On Monday, the U.S. Coast Guard rescued two groups after they were stranded on ice floes in the Great Lakes. The Coast Guard has now issued a warning about unpredictable ice conditions and tips on avoiding an ice disaster.

The U.S. Coast Guard issued a warning about unstable ice conditions on the Great Lakes after rescuing 25 people on Monday.

Deployed teams rescued two separate groups of people stranded on ice floes. A group of 11 people was stranded in Lake Michigan off Sherwood Point, Wisconsin. A Coast Guard crew safely transported the five adults and six children back to the shore.

On the same day, 14 more were stranded on an ice floe in Lake Huron off Sebewaing, Michigan. Airboats and ice rescue teams safely transported the group back to shore. Two people from the group received treatment for hypothermia.

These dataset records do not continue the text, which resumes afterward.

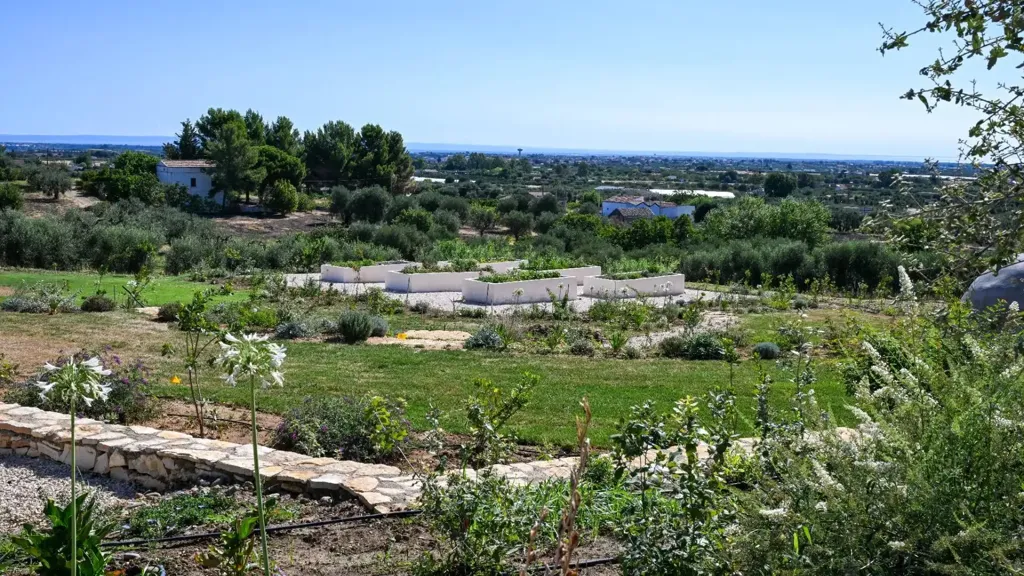 Jardin - Contemporary Villa with Sea View in Pisticci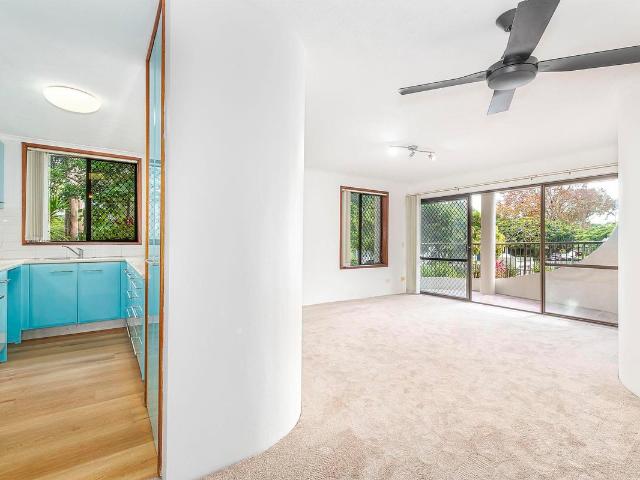Coastal Living in the Heart of Currumbin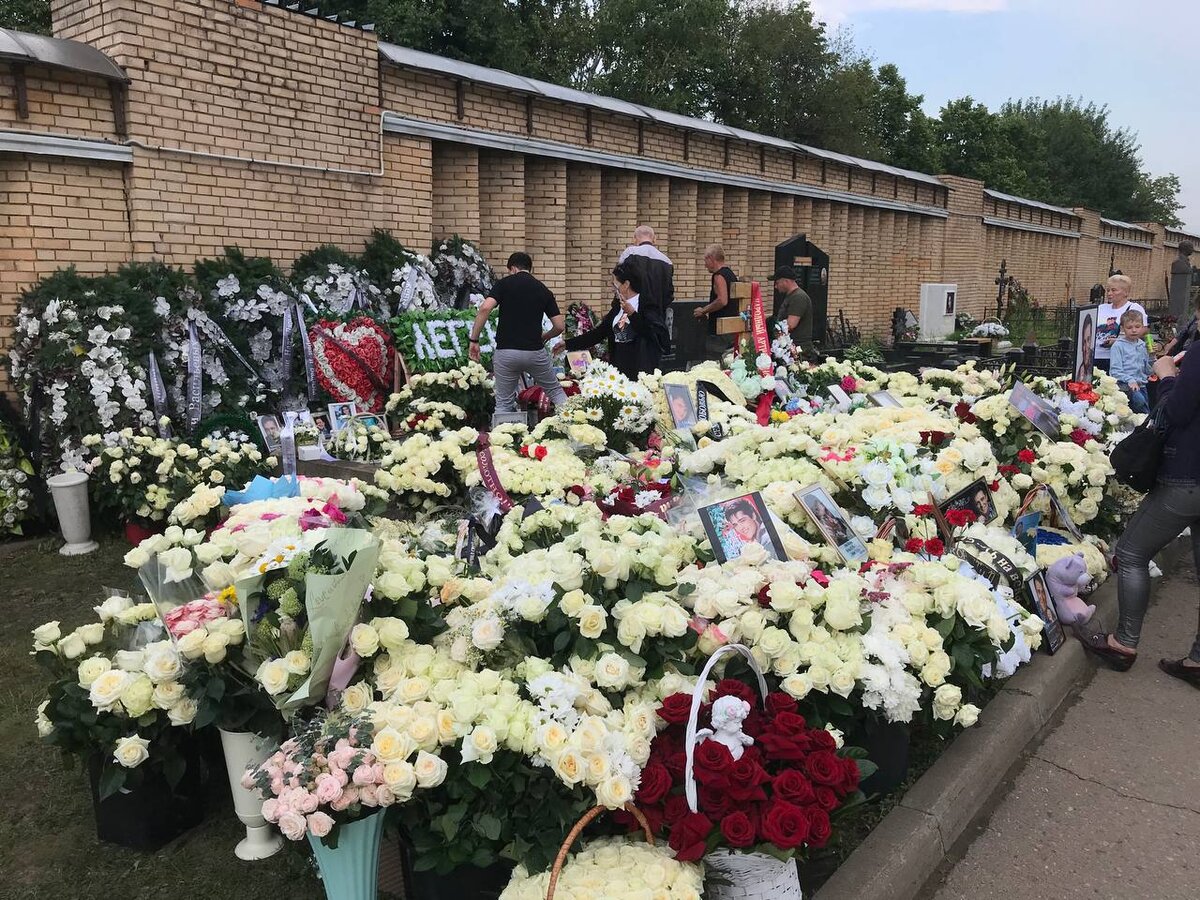 Могила любимого артиста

"Ice is unpredictable, especially given the fluctuating air temperatures and historically low ice coverage we have had this year," the U.S. Coast Guard Great Lakes said in a Facebook post.

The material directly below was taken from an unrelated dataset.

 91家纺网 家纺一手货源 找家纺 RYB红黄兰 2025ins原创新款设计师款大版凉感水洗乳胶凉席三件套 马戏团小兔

In a press release, the Coast Guard provided three things to remember before heading out onto the icy lakes.

Take precautions, not chances

The risk of death from accidental immersion during cold weather seasons is higher than in warm seasons. The water is colder, and survival time is greatly diminished.

Dress for the water temperatures

Cold water lowers body heat dramatically faster than cold air. Even if you are not planning on entering the water, there is always the possibility of accidental immersion.

Bring communications equipment

Never go near the water without a VHF-FM radio or personal locator beacon, and always be sure to tell someone where you are going, when you expect to return and advise them of any changes in the plan. Every minute counts in a cold-water environment, and preparation may mean the difference between life and death.


Ice cover on the Great Lakes is well below average for the year. According to NOAA, as of mid-February, overall ice coverage on the Great Lakes is around 10.5%, about 20% lower than the historical average.

Lake Huron’s ice coverage is particularly below average this winter at around 14%. Historically, ice covers over 40% of Lake Huron by this point in the season.